Denn das ist die Mechanik, die sich wiederholt: erst das Konstrukt, dann die Verfolgung. Erst die Tatsache, die nie eine war, dann das Urteil. Der Hohe Kommissar nennt es beim Namen. Die NGOs dokumentieren es. Die Gerichte setzen es in Akten um. Und die kleinen Völker des russischen Nordens, deren Zahl klein ist und deren Land riesig, geraten zwischen die Mühlsteine einer Maschinerie, die sich selbst als Fortschritt versteht. Nicht einmal an der Uno, heißt es in einem Bericht der Zeitschrift Voices, sind Indigene vor Russland sicher.

Wer profitiert? Das ist die Frage, die ein Ermittler zuerst stellt. Wer hat ein Interesse daran, Stimmen, die ohnehin kaum gehört werden, endgültig zum Schweigen zu bringen? Es sind nicht die Menschen im hohen Norden, die von einer Verlängerung der Untersuchungshaft in Kamtschatka profitieren. Es sind jene, deren Karten ohne die Betroffenen klarer werden, deren Lizenzen leichter zu vergeben sind, deren Pipelines ohne Widerrede verlaufen. Die Repression gegen Indigene ist nie nur Repression. Sie ist immer auch ein Beben, das neue Eigentumsverhältnisse an die Oberfläche spült. Genau das macht das Muster so lesbar, wenn man es denn lesen will.

Seit dem Ukrainekrieg, so formuliert es die Zeitschrift Voices in ihrer Ausgabe 3/2022, ist Menschenrechtsarbeit in Russland lebensgefährlich. Nicht ungefährlich. Lebensgefährlich. Das ist keine Metapher, das ist eine Messgröße. Es ist die Übersetzung dessen, was zuvor Einschüchterung war, in etwas Endgültiges. Was vorher Drohung war, wird Exempel. Was vorher Ausnahme war, wird Methode.

Was offen bleibt: Wer genau in den Korridoren der Macht die Feder führt, wenn über die Verlängerung von Haft für Aktivistinnen entschieden wird? Welche Abteilung welche Empfehlung erstellt? Welche Richter in Moskau und Kamtschatka ihre Unterschrift unter Beschlüsse setzen, die nach außen Routine sind und nach innen Teil einer politischen Logik? Wir wissen es nicht. Wir ahnen es. In Architekturen der Repression muss man die Architekten nicht beim Namen nennen, um zu sehen, wie das Gebäude steht.

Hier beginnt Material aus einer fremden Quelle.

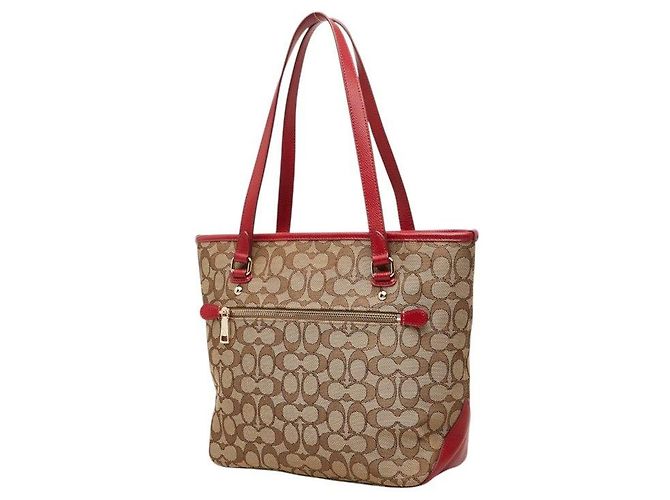 Borsa Tote COACH Signature Canvas Leather - vista 2
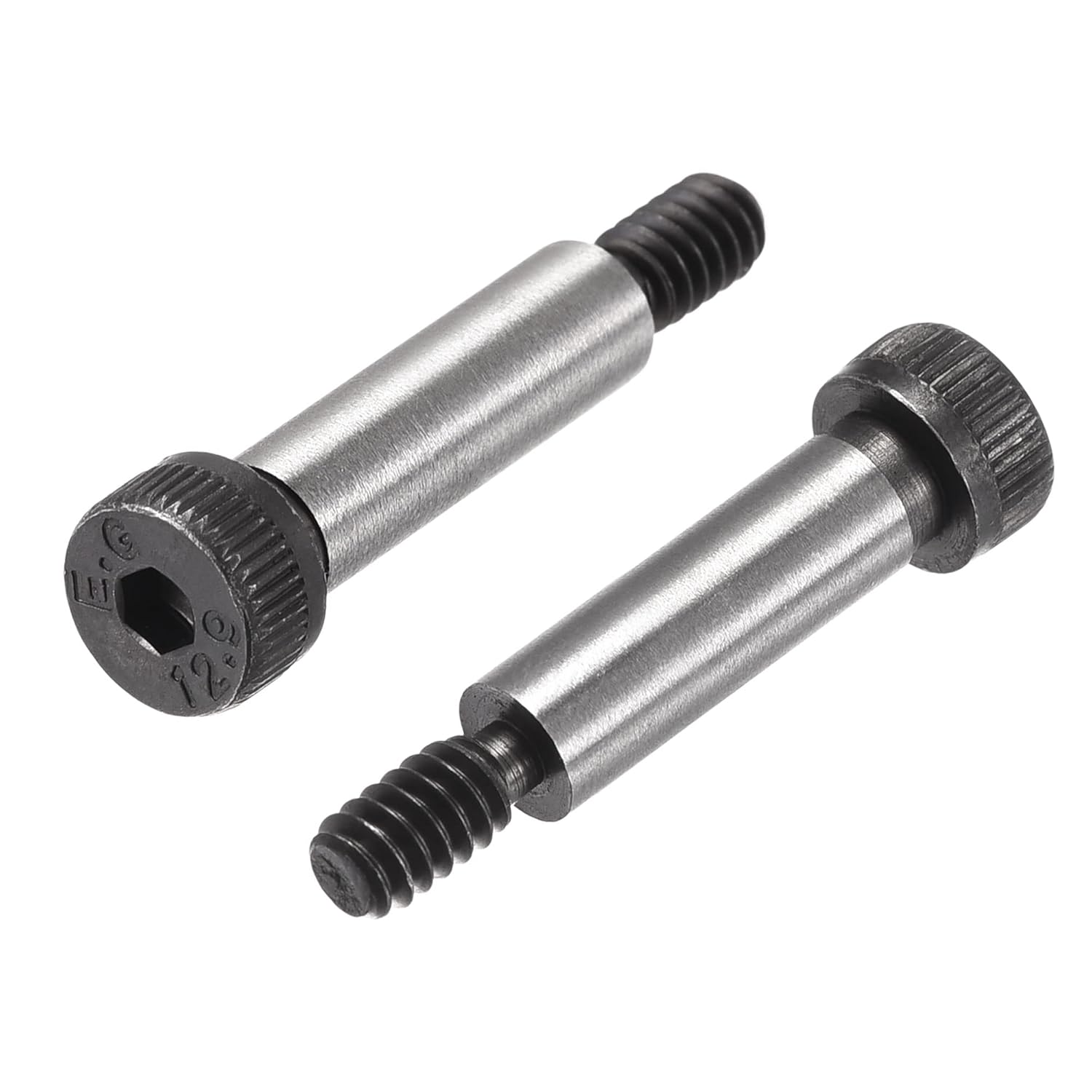 uxcell Alloy Steel Hexagon Socket Head Shoulder Screws Bolts, 5/8" Shoulder Length, 1/4" Shoulder Dia, #10-24 Thread, 6pcs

Die kleinen Völker des russischen Nordens haben ein Recht auf ihre Sprache, auf ihr Land, auf ihre Art, das Eis zu lesen. Der russische Staat, der sich gern als Vielvölkerstaat inszenieren lässt, behandelt sie wie ein Archiv, das aus Platzgründen ausgesondert werden muss. Was ausgesondert wird, fällt nicht ins Nichts. Es fällt in jene Akten, die irgendwann, in einer anderen Stunde, von jemandem geöffnet werden, der Handschuhe trägt und versteht, was er liest.